Il n’y a rien de pire pour une marque ou une enseigne que de communiquer nationalement pour s’apercevoir que le trafic ainsi créé est finalement détourné localement au profit d’un concurrent ou d’une enseigne qui a su habilement capter ces consommateurs abandonnés dans les derniers mètres.

La communication locale, ce n’est pas simplement se contenter de reprendre le même message en le reproduisant sur d’autres supports. C’est forcément construire un message complémentaire du message national, un message qui répond aux besoins et aux attentes locales du consommateur, qui le fasse se sentir concerné, qui crée l’engagement ou facilite le passage à l’acte (en indiquant clairement l’emplacement du magasin par exemple).

Pour être pleinement efficaces, les medias locaux nécessitent une approche spécifique, construite à partir d’une information aussi fine que possible sur les consommateurs (à partir de données CRM de consommation sur la zone de chalandise, d’information sur les concurrents et leurs offres ou sur les habitudes de ceux qui habitent et/ou transitent dans la zone…). C’est pour cela que la communication locale est souvent pragmatique, notamment par la mise en avant de services, de promotions, de prix pratiqués, qui correspondent aux besoins et aux aspirations des clients.

Ceci mérite un commentaire complémentaire : il faut prendre l’appellation “medias locaux” au pied de la lettre (un media est un support qui permet de diffuser un message auprès d’une cible donnée) et non dans le sens restrictif qu’on leur donne trop souvent (les mass-media commercialisés localement). Parmi les medias locaux les plus efficaces, on retrouve nombre de media du magasin : le catalogue, l’affichage local (y compris longue conservation), la présence internet et mobile (SEM, sites, display …).

Le degré ultime du media local, c’est le “one to one”. C’est la nouvelle frontière vers laquelle tend la communication digitale enrichie par le big data.

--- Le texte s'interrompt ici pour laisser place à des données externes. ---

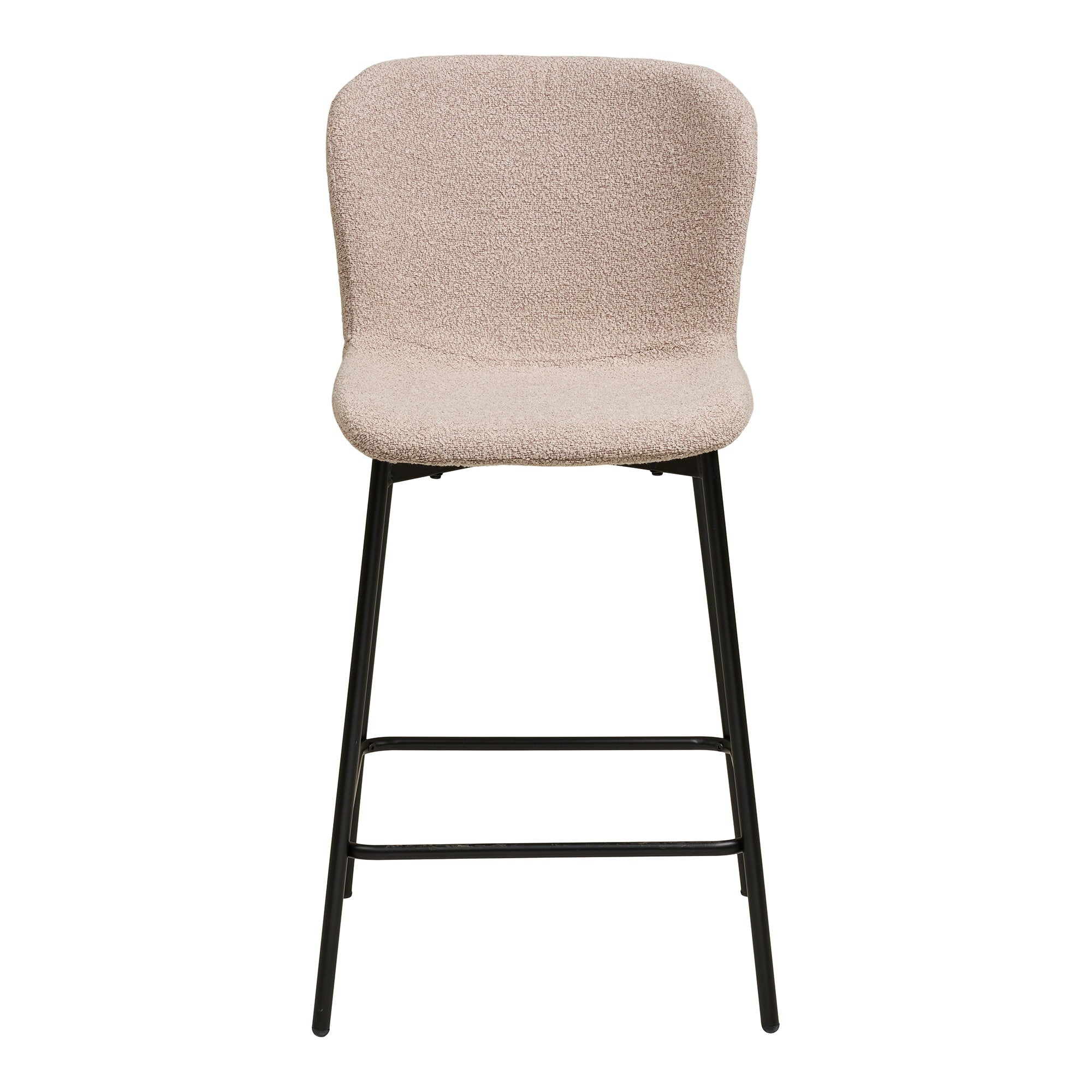 House Nordic Maceda Counter Stol 2 pack Beige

Cette communication est la plus à même de générer un passage à l’acte, car elle s’adresse au(x) client(s) ou prospect(s) de la marque en lui parlant de ce qui le concerne directement, des offres qui lui sont faites ici et maintenant : elle permet de créer un réel engagement, elle « prouve » au niveau local cette proximité revendiquée nationalement … Seul inconvénient, son coût contact est forcément plus élevé, mais si la communication locale est bien gérée, son ROI est souvent excellent…

 

Bien entendu, comme au final il n’existe qu’une marque et qu’un individu, il faut que tous les messages de la marque se renforcent sans jamais lutter les uns contre les autres… Il faut donc avoir conscience qu’il doit s’agir de 3 facettes d’une seule et même communication, celle que l’annonceur, la marque ou le produit doit entretenir avec son client présent ou futur. En effet, toute pensée trop segmentante ne permettra pas d’optimiser la synergie entre les différents moyens employés.

 

Les enseignes sont à ce titre des annonceurs particulièrement concernés par cette logique. Une enseigne a besoin d’avoir une certaine notoriété pour attirer les clients. Très vite sa notoriété n’aura pas de sens que si elle sert à construire une image. Nous sommes jusque là dans le domaine des mass médias nationaux. Une approche régionale peut permettre d’aller un cran plus loin, en adaptant le message à une cible mieux définie. Mais c’est grâce à sa dimension locale et à la richesse d’un ciblage ultrafin que la communication prendra toute son efficacité.